V605 Aquilae was subsequently detected several times at magnitudes 18–20, but these are likely to have been detections only of a small knot of nebulosity surrounding the position of the star. Hubble images show that the star itself was fainter than magnitude 23, although the nebulosity was a bright irregular infrared object 2.5" across. It was suspected that the star was still luminous but largely hidden by the dense nebulosity. Although the star could not be detected directly, scattered light showed a [WC4] spectral type, quite different from the spectrum at peak brightness. In 2013, the central star was detected at magnitude 20.2, with an estimated four magnitudes of extinction. The spectral type is now [WC4], a hydrogen-deficient, helium and carbon-rich object with strong emission lines.

In 1921, the surface has been estimated to consist of 98% helium and 1% carbon, typical of an RCB star. By 2006, the abundances were measured as 55% helium, 45% carbon, and 5% oxygen, typical of a WC star. Both are very unusual, compared to the majority of stars that are mostly hydrogen.

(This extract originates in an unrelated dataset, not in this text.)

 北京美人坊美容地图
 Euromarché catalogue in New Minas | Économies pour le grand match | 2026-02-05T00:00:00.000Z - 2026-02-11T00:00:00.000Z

Starting around 1970, the temperature began to increase and is now over 90,000 K. It is widely believed to be a born-again star, a post-asymptotic-giant-branch star which experienced a very late thermal pulse and began to fuse again. An alternative explanation is that the outburst was a nova from an oxygen-neon white dwarf. To explain difficulties with the nova theory, a merger has been proposed between a white dwarf and a normal companion star.

V605 Aquilae is at the centre of a planetary nebula and is believed to be the source of the nebula. The visible planetary nebula is approximately spherical and far older than the 1919 outburst. A much smaller nebula originating from the outburst is non-spherical. The shape may be a disc plus a bipolar nebula or torus containing a dusty band. The band or disc almost entirely obscures the central star. Comparison of the angular size changes of the nebula and its radial velocities suggest a distance of 4,600 parsecs.